As far as the process of testing goes, you really need to have the independent testers involved at the beginning of the project. They will be looking at the first version of the system specification, the user's manual, or the prototype, however your process captures the requirements before implementation. During this period, they are constructing initial test designs or test design information from those documents before any code is written. This is really a form of inspection or review process. In addition to test design information, they will find defects. It is a lot cheaper to find defects at this stage.

So the system testers are involved at the beginning, producing this test design information, which is essentially lists of things that need to be tested. These are what I call test requirements. These are not complete tests, because it is premature to write complete tests, but they are the groundwork upon which you will build the complete tests.

Q: Could you explain what you mean by "test requirements?"

The idea of a test requirement is actually relatively simple. For example, say you have a program that determines the square root. If you give it a number greater than or equal to zero, it gives you the square root. If you give it a number less than zero, it gives you an error indication. Any tester who has read The Art of Software Testing, by Glenford Myers, is going to immediately think of boundary conditions. You want to test the value zero, and you want to test the negative number that is as close to zero as possible. Those are two test requirements.

In a more complicated program, you will come up with a long list of things you want to test. There will be tests of all sorts of error conditions and all sorts of normal situations. You want to identify all these situations to test. They don't have specific values assigned to them yet, though. For example, if the program gives money to someone, as in a banking transaction, one test requirement is that you try to give the person a negative amount of money, another test requirement is that the person you are trying to give money to doesn't exist, etc. You have these lists of test requirements. They don't specify exact values, such as the name of the person who will be getting the money.

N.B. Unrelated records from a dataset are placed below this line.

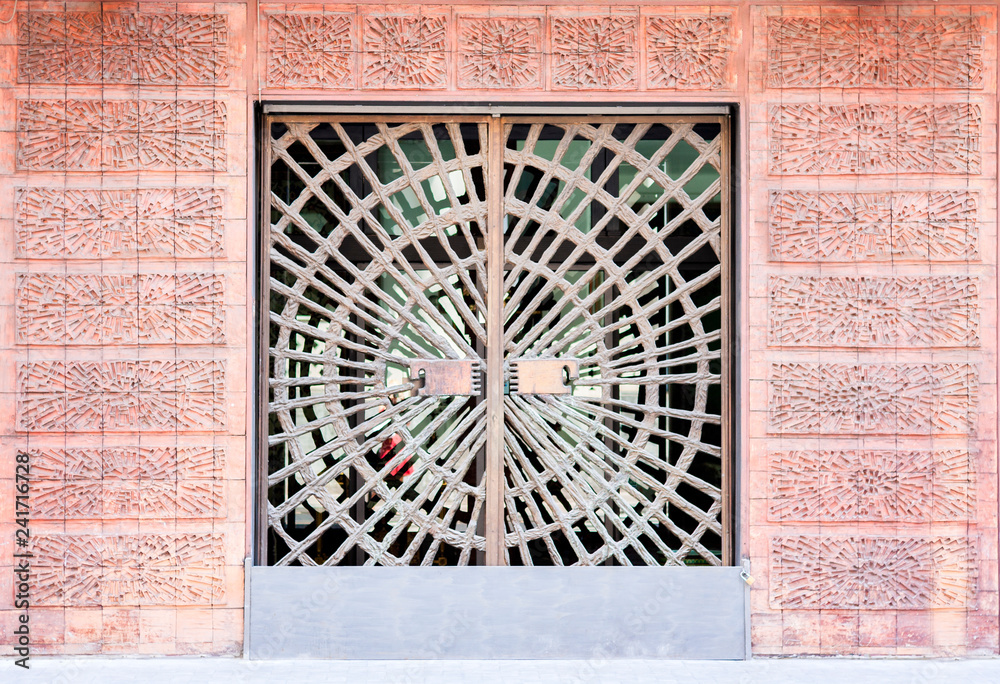 Obraz premium Entrance of old building decorated magnificent wrought-iron gates, forged elements.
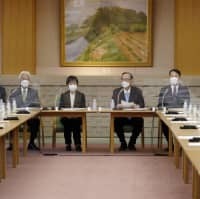 衆院議長公邸で開かれた皇室の課題に関する全体会議＝18日午後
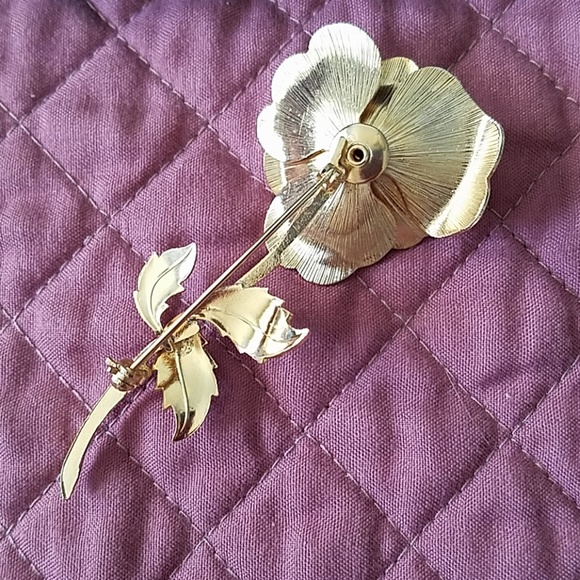 Beautiful Vintage Gold Rose Pin - Picture 3 of 5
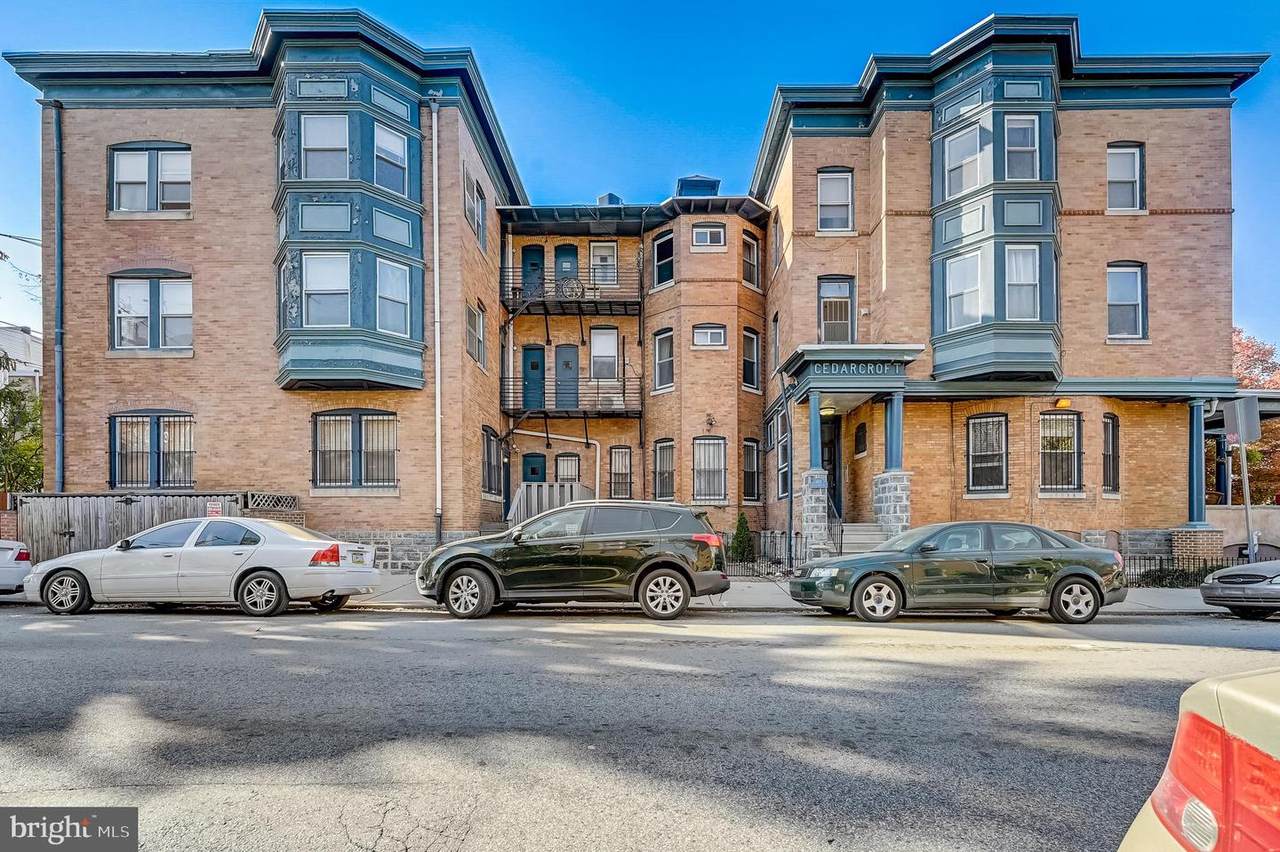 600 49TH Street - Photo 1
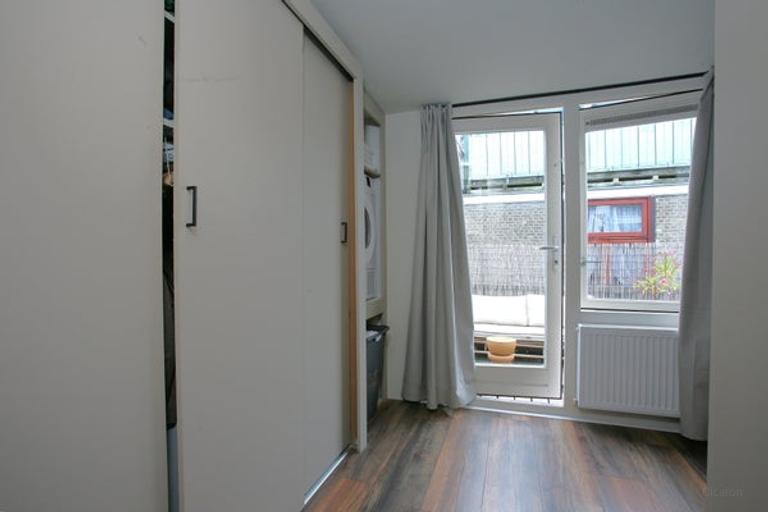 Furnished 2-bedroom apartment with balcony - Image 19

The next step of testing is to choose input values that satisfy these test requirements. A single test may satisfy several test requirements. For reasons that are hard to explain without a blackboard to draw examples on, it is a good idea to write your tests so they are reasonably complicated, with each one satisfying a number of test requirements. This is actually more expensive than simply writing one test case for each test requirement, because it takes more time to think of these more complex tests. Although it is easier to write one test case per test requirement, those simple test cases are not as effective at finding defects.

Here is a test requirement example. You are testing a hash table insertion routine. For an insertion routine, you might have these test requirements, among others:

These are test requirements, not tests, because they don't describe the element being inserted. That's an irrelevant detail at this point. If you dive into writing tests too soon, it's just like diving into writing code too soon. Important things, in this case test requirements, get overlooked in the rush. Note that in this example, you can satisfy two requirements (the first and fourth) in a single test.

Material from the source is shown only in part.